Each adoption professional does things a little differently, but if you are working through an attorney or agency, typically prospective adoptive parents are getting the opportunity to see a summary of an adoption opportunity. Prospective adoptive families then get to decide whether they want to “present” to that expectant family considering adoption. As I discussed in a previous post, it is awkward that you are basically saying yes or no to a child. We encourage families to consider these summaries carefully, and ensure you’re willing to honor what the expectant family is looking for in regards to contact post adoption, but knowing that can change over time.
If you decide to present to an expectant family considering adoption, your family profile is typically given to that expectant family when they decide they are ready to choose the adoptive parents for their child, likely when they are relatively comfortable with their adoption plan. After you’ve decided to present your profile, the wait to learn whether you have been selected can be a day up to even a few weeks, and that wait too can be excruciating. IF you are chosen by an expectant family, sometimes the expectant family confirms the match through a telephone call, but sometimes the match is purely made through the review of family profiles.
Once there is a match, typically some amount of adoption expenses are due to the agency or attorney making the match. If it is an agency that has made the match, it is often about half of the total cost of the adoption, it can be the total expectant costs if it is close to the birth, or we even work with agencies that don’t take any money until the expectant family signs consents to the adoption.
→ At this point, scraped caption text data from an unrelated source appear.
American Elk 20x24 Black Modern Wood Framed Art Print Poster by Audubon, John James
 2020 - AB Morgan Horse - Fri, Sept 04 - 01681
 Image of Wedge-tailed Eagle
Some agencies or attorneys have a lot of money at risk in the event the expectant family decides to parent, and others you lose little or even none at all. What is interesting is that every adoption professional works completely differently, so we help our Purl families navigate the different adoption professionals’ policies and practices, and determine both the financial and emotional risk of the adoption opportunity. But this is just the beginning of this phase of the adoption, just because you are chosen as adoptive parents for the child, it doesn’t mean that child is yours. I like to think of it as a “promise ring”, with no real commitment to get engaged or set a wedding date. Oftentimes a prospective adoptive family is walking alongside an expectant woman for half of her pregnancy, but no paperwork is effective or irrevocable until some period after the birth of the child. That woman could have every intent to place her child in the arms of another, but then can’t bring herself to do that once she’s birthed and held her child.